%%

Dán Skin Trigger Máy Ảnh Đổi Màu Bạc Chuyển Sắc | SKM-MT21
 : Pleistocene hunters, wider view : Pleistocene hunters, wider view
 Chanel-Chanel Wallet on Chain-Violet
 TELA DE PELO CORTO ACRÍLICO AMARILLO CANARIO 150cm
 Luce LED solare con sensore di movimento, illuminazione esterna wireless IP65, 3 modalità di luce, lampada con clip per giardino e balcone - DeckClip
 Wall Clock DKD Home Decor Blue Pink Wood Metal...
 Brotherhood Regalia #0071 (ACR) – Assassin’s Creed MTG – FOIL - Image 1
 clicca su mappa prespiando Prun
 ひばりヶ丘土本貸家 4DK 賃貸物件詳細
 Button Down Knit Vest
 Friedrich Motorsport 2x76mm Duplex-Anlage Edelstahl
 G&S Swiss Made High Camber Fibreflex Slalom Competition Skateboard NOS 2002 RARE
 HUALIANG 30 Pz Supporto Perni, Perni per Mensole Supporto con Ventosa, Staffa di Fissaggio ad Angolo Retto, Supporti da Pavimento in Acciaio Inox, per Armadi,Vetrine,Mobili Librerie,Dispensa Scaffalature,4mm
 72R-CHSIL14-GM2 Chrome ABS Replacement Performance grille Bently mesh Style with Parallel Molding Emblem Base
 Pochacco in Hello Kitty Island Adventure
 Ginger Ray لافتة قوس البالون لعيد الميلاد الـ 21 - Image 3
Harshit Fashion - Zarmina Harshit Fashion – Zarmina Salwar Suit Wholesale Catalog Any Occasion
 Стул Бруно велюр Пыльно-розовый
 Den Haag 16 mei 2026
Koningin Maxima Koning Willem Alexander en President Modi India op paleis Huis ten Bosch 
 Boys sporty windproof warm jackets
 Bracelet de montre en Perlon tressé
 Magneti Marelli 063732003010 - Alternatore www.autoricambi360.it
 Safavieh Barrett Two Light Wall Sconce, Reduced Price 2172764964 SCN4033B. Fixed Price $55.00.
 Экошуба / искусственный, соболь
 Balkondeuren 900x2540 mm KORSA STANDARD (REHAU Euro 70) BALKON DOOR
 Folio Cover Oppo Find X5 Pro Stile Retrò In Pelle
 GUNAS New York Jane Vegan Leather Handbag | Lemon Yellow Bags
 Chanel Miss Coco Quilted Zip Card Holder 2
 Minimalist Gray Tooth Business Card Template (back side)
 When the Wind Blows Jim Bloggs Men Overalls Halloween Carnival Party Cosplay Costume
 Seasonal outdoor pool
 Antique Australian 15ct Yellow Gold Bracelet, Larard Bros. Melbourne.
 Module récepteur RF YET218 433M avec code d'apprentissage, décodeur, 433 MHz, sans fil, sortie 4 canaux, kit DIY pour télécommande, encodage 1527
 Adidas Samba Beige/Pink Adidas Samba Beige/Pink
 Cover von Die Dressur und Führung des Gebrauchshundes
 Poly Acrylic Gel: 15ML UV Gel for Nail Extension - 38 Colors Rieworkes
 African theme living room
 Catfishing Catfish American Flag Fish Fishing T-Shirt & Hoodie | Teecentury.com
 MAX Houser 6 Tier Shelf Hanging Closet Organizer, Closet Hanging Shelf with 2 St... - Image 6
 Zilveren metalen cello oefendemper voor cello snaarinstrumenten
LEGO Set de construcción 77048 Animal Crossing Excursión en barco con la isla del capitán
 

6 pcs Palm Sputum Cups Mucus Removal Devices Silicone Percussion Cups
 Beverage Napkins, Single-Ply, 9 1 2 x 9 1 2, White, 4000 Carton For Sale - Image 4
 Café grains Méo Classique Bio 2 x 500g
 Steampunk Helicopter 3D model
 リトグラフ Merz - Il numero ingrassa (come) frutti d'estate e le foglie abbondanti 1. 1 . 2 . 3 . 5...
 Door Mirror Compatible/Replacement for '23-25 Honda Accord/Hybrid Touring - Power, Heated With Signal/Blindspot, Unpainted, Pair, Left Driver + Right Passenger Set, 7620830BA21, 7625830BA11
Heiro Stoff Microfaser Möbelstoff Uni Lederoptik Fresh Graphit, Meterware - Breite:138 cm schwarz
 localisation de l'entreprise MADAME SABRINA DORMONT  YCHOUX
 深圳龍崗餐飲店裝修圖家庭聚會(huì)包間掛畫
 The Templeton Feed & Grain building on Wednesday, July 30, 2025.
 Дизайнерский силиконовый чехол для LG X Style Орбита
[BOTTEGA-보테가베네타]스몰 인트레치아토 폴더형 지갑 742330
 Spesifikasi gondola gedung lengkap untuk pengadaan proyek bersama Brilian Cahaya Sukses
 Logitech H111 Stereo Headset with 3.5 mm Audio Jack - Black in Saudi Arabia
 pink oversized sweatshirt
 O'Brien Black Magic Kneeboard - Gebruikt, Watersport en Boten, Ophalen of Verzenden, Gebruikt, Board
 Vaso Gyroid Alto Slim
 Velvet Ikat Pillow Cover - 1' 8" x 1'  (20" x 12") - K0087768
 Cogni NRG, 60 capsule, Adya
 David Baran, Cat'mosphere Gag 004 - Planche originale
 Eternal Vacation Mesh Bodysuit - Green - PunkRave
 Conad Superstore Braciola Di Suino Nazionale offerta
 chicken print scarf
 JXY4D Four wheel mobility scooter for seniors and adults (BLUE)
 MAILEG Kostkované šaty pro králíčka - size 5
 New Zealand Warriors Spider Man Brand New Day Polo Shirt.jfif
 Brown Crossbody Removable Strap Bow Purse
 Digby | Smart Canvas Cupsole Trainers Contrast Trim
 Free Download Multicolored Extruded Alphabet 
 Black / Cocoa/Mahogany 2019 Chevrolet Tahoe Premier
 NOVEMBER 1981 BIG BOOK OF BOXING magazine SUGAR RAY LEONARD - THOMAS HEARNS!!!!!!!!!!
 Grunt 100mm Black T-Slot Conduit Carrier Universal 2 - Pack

%%

__Task instructions__
Beginning with the line containing "Module récepteur RF" in the material above, copy every line exactly until you have copied the line containing "LEGO Set de".

__Answer to the exercise__
 Module récepteur RF YET218 433M avec code d'apprentissage, décodeur, 433 MHz, sans fil, sortie 4 canaux, kit DIY pour télécommande, encodage 1527
 Adidas Samba Beige/Pink Adidas Samba Beige/Pink
 Cover von Die Dressur und Führung des Gebrauchshundes
 Poly Acrylic Gel: 15ML UV Gel for Nail Extension - 38 Colors Rieworkes
 African theme living room
 Catfishing Catfish American Flag Fish Fishing T-Shirt & Hoodie | Teecentury.com
 MAX Houser 6 Tier Shelf Hanging Closet Organizer, Closet Hanging Shelf with 2 St... - Image 6
 Zilveren metalen cello oefendemper voor cello snaarinstrumenten
LEGO Set de construcción 77048 Animal Crossing Excursión en barco con la isla del capitán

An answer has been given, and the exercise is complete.